Mesmerising O’Rourke wows crowd at Mareel gig
Irish multi-instrumentalist Declan O’Rourke played a spellbinding set at Mareel on Friday night, ably supported by local acts Chloe Robertson and Adam Guest.
O’ Rourke, who last played in Shetland two-years-ago took turns at guitar, piano and foot-drum, with his voice weaving the lot into a mesmerising, magical whole.
The Shetland Times’s very own reporter Guest opened and was the first to stare into the black void that apparently greets all artists who take the stage at Mareel. Clearly undaunted, Guest played a shurefooted set of partly blues-inflected acoustic tunes, that drew a warm round of applause from the crowd.
As well as various comical and romantic offerings, Guest, one of two relatively recent immigrants to The Shetland Times from Barnsley, sung a musical postcard to his mother entitled Salt in Every Breeze, with the lyrics “can’t explain but something just feels right” indicating he may be here for some time.
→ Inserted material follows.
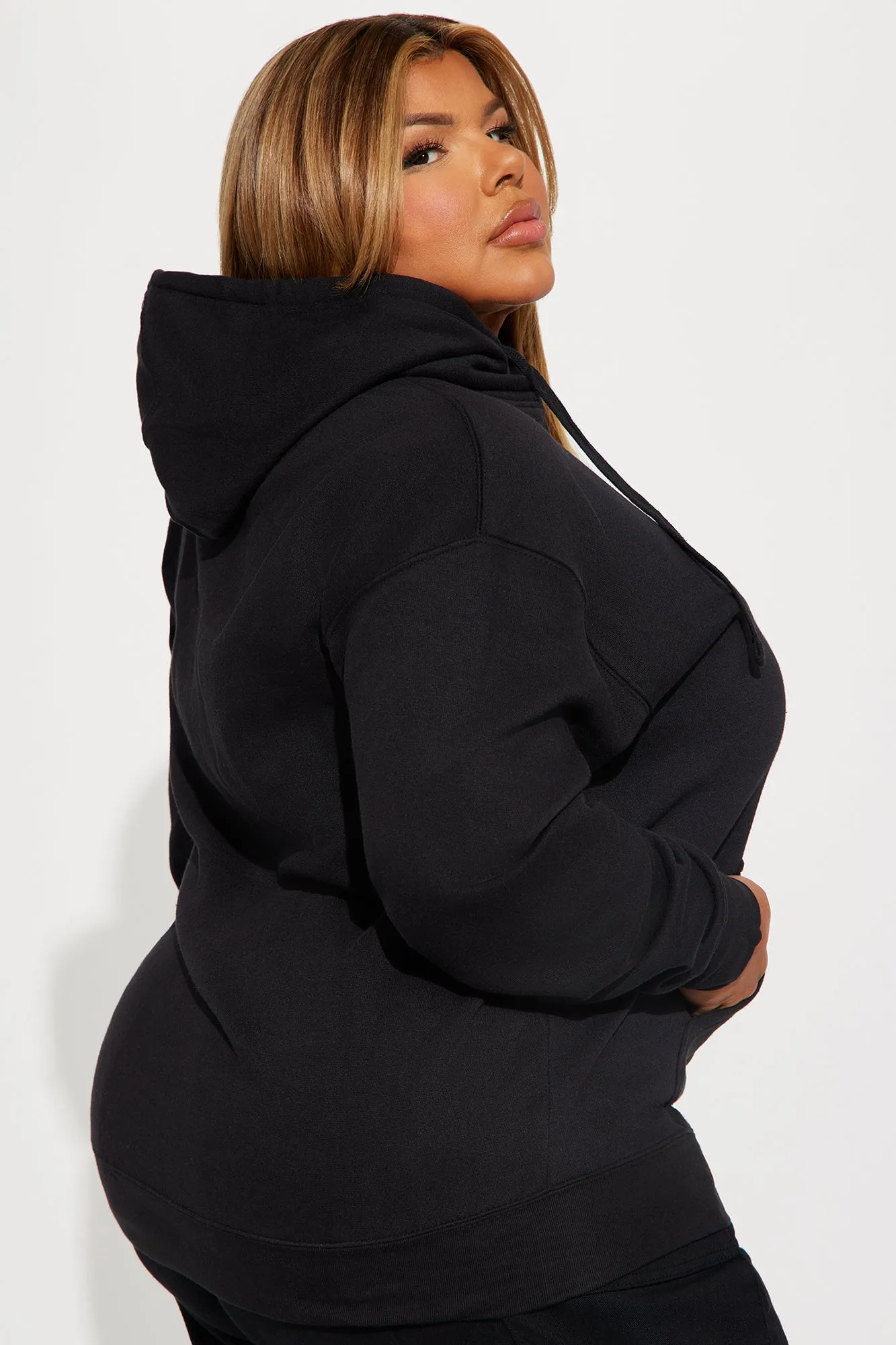 Be Happy Smiley Face Hoodie - Black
Next, Robertson delivered her own unique stylings, but opened with intriguing covers of Home and Dirty Paws, followed by six self-penned numbers.
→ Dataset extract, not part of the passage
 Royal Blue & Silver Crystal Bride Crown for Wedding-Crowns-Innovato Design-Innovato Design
Robertson’s strong but soulful voice, is as agile as a gymnast flitting up and down where many singers would be content to try and hit a steady note. It is a very pleasing style, but one that makes the lyrics tough to make out.
A self-effacing stage presence, Robertson proved that song-writing and inventiveness is as much part of her talent as her vocal, which one audience member compared to Nico of the Velvet Underground.
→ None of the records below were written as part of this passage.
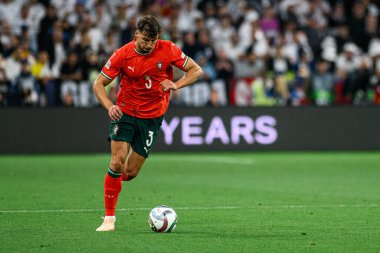 MUNİH, GERMANY - 4 Haziran 2025: Ruben Dias - UEFA Uluslar Ligi 2025 Almanya - Allianz Arena 'da Portekiz' e karşı. 
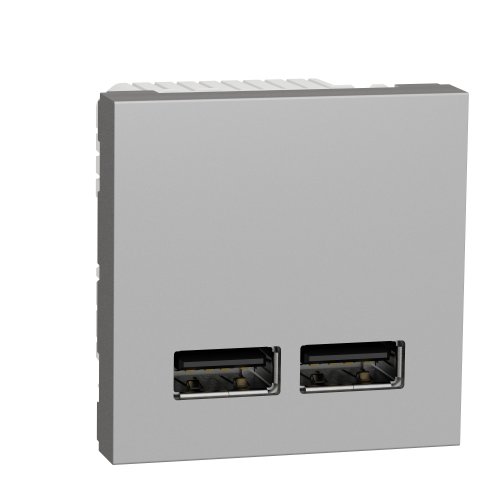 Розетка USB двойная 2.1А 2 модуля алюминий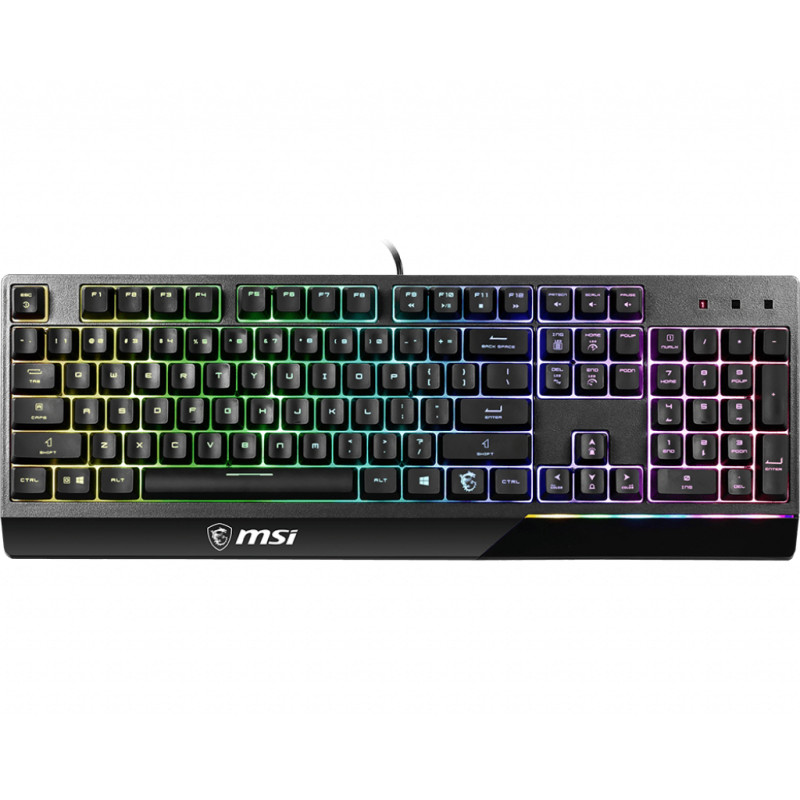 MSI S11-04ES219-CLA Vigor GK30, Alámbrico, USB, Switch de tecla semimecánico, QWERTY, LED RGB, Negro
Many of her songs, the self-explanatory Insomnia, Plasticene – about feeling unable to live up to a media-created image, and Down Down Down, about getting the push, will have struck a chord witht he audience. She ended with perhaps her best known song Fish Out of Water.
O’Rourke took the stage after a short break and a very long, fog-delayed trip from Edinburgh – nonetheless he appeared as happy as a tail-wagging dog to be performing back in Shetland.
Dressed in an almost lounge lizard style, he crooned a romantic number about first dates with no-where to hide. Next, taking the piano, he was on the theme of departing lovers.
After generous thanks to Adam and Chloe, O’Rourke eased the foot-drum into the next song. Between numbers he told how he’d been picked out on a recent trip to America as a man who liked to hear a story, and boy, can he tell them too. As the set progressed, O’Rourke undertook lengthy but vastly entertaining digressions about the subjects of his tunes that added rather than detracted from the material, all delivered with the wit, charm and ease that had the audience eating out of his palm.
He moved into unexpected terrain about the Irish famine, the murder of Irish railroad navvies in Pennsylvania and perhaps strangest of all, Langley Requiem, about the demise of two excentric hoarding brothers that was deeply moving, where it could have lapsed into comedy. This song also saw O’Rourke giving full vent to his pianistic abilities, underscoring the story with powerful chords.
The audience were kept amused by his Inkspots inspired Lets Make Big Love which was the first of his, only partially successful attempts to get the crowd participating.
O’Rourke’s “offical final” number Gold Bars in the Sun is about a man torn between love of his hometown and for his wantaway girl. Of course the girl wins out.
After a hearty round of applause, O’Rourke bounded back with a bold choice of encore, an a capella number about a man wanting to marry the sea. It was astonishingly beautiful and along with the rest of the set proved O’Rourke is a consumate singer, performer, poet and musician who will hopefully make many more trips to Shetland.